10. Het aantal op grond van het negende lid voorgedragen commissarissen is zodanig, dat zij tezamen niet de meerderheid van de raad van toezicht kunnen uitmaken.
11. De statuten bevatten voorschriften omtrent de wijze waarop, in geval van ontstentenis of belet van de commissarissen, voorlopig in de raad van toezicht wordt voorzien.
Artikel 31
1. De raad van toezicht heeft tot taak toezicht te houden op het beleid van het bestuur en op de algemene gang van zaken in de toegelaten instelling en de door haar in stand gehouden onderneming. Hij staat het bestuur met raad ter zijde. Bij de vervulling van hun taak richten de commissarissen zich naar het belang van de toegelaten instelling en de door haar in stand gehouden onderneming, naar het te behartigen maatschappelijke belang en naar het belang van de betrokken belanghebbenden.

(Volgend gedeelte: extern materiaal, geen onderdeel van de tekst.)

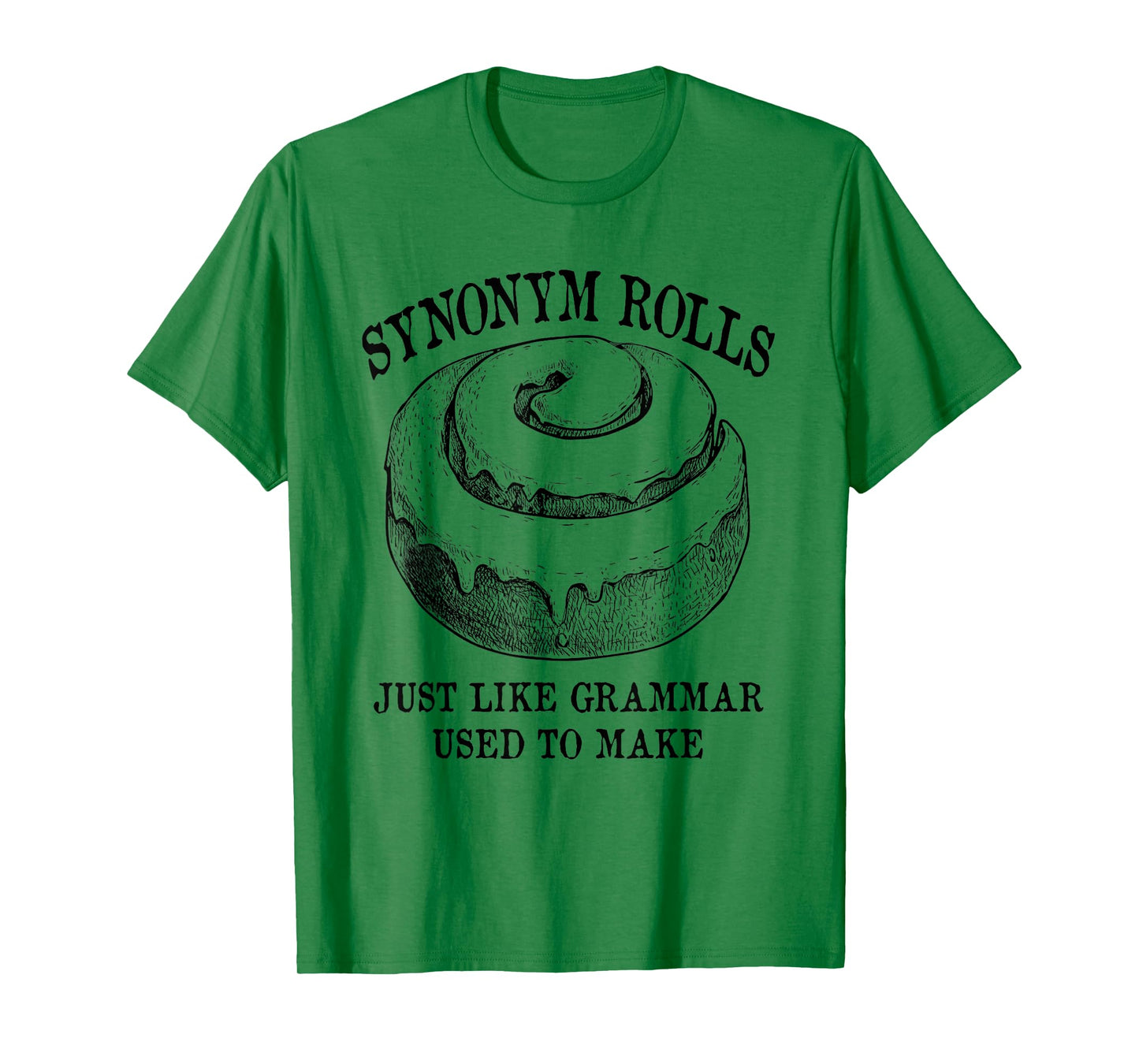 Classic Synonym Rolls Just Like Grammar Used to Make T-Shirt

2. In het belang van de bevordering van eenheid bij de taakvervulling door de raad van toezicht wordt bij algemene maatregel van bestuur een governancecode aangewezen, die, voor zover deze niet met het bepaalde bij of krachtens deze wet in strijd is, op alle toegelaten instellingen van toepassing is.
3. Artikel 9 van Boek 2 van het Burgerlijk Wetboek is van overeenkomstige toepassing op de taakvervulling door commissarissen van toegelaten instellingen.
4. In bij of krachtens algemene maatregel van bestuur te bepalen gevallen stelt de raad van toezicht Onze Minister op de hoogte van zijn werkzaamheden ter uitoefening van zijn taak, bedoeld in het eerste lid.
Artikel 32
1. Het bestuur doet de raad van toezicht tijdig de voor de uitoefening van diens taak noodzakelijke gegevens toekomen.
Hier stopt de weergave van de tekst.